INSTRUCTIONS FOR THE TASK> Repeat the listing word for word, but skip any pictures.
━━━━━ DATA
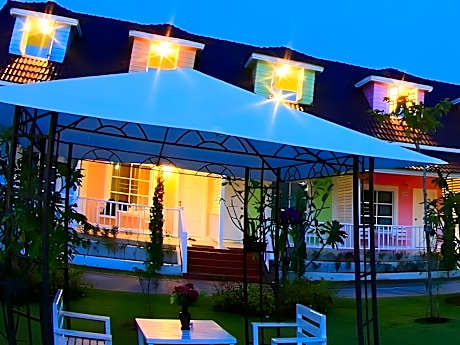 Chiangkhan Gallery Resort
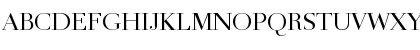 Tiemann Light Font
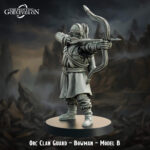 Orc Clan Guard - Image 9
━━━━━━━━━━
SOLUTION TO THIS EXERCISE>
 Chiangkhan Gallery Resort
 Tiemann Light Font
 Orc Clan Guard - Image 9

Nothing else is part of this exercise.